Si BHL tente de se racheter une virginité en risquant sa vie pour filmer le combat désespéré des Kurdes, l’opération est hors de portée pour Weinstein.

La féministe Marilyn French écrivait dans la fascination du pouvoir [4] les mots suivants qui nous ramènent aux nombreuses prises de position par les APLP contre les bombes nucléaires :

« L’imagerie en question, comme la véhiculent films et romans, ne propose qu’un passé dépoussiéré, et ce passé tel qu’il était ne peut mener qu’au présent tel qu’il est. […] Mais de vision d’un avenir pour l’humanité, point. La réalité justifie suffisamment notre impression de vivre une époque perturbée où nous nous acheminons, frissonnants d’horreur, vers la fin du monde. Les peuples du XIVe siècle, affligés par des guerres incessantes et par la peste noire, croyaient eux aussi la fin du monde proche; toutefois ils manquaient des moyens de la provoquer. Nous les avons. Et rien, dans l’histoire de l’humanité, ne peut nous assurer qu’ils ne seront pas employés ».

Désolé de terminer sur une note aussi apocalyptique ma description de trois jours de rencontres qui ont permis d’envisager l’avenir avec plus d’optimisme, comme le proclamait le titre de ma présentation, copié sur celui de l’ouvrage sur Pierre Dansereau paru en octobre aux Presses de l’Université du Québec : L’espoir, malgré tout !


[1] « Ce film merveilleux, écrit Weinstein, montre le courage incroyable de BHL et la force de l’ancien président Sarkozy, tout en mettant en lumière l’inestimable leadership du président Barack Obama et de la Secrétaire d’État Hillary Clinton. » On croit lire un vocabulaire de propagande communiste chinoise des années 60 !

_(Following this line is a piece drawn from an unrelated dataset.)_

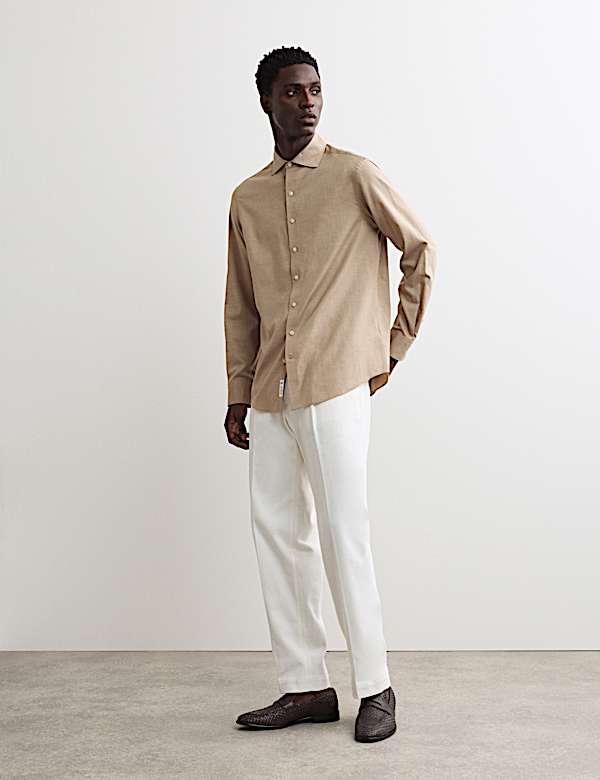 Regular Fit Luxury Pure Cotton Textured Shirt - GR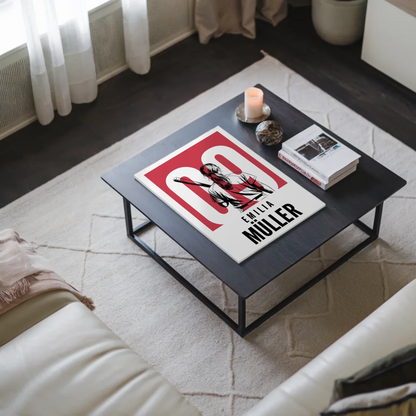 Personalisiertes Fotoboard Magnetisch Baseball Baseballspielerin Geschenk für Tocher Mama Tante Freundin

[2] Si on cherche des références sur les rebelles de Benghazi, on ne trouve sur google que celles sur l’assassinat de l’ambassadeur américain en 2012 pour lequel Hillary Clinton a été blâmée par les Républicains, mais À PEU PRÈS RIEN sur comment la doctrine Right to Protect (R2P) a entraîné les Nations-Unies à approuver une guerre dont les conséquences de nos jours se chiffrent encore en centaines de morts mensuelles. Les pouvoirs politiques semblent plus importants que les êtres humains…

[3] L’intérêt du complexe militaro-industriel dans l’opération s’est vite révélé par la nomination subséquente du général Bouchard à la tête de Lockheed Martin Canada qui cherche maintenant à vendre au ministre de la Défense canadien Sajjan des F-35, avions bombardiers furtifs, au coût de dizaines de milliards de $…

[4] Etude socio-historique de l’évolution de la condition féminine depuis les origines de l’humanité, l’analyse est fondée sur la relation dominant-dominé dans l’organisation sociale. Traduit en 1986 (titre original Beyond Power : On Women, Men, and Morals ), ce livre qui m’a été référé par la militante féministe Pascale Camirand, membre des Artistes pour la Paix, explore le patriarcat et la morale patriarcale à travers les siècles et comment le féminisme offre un cadre des choses différent qu’il faudra pour mettre en place un monde plus humain et un nouvel ordre socio-politique.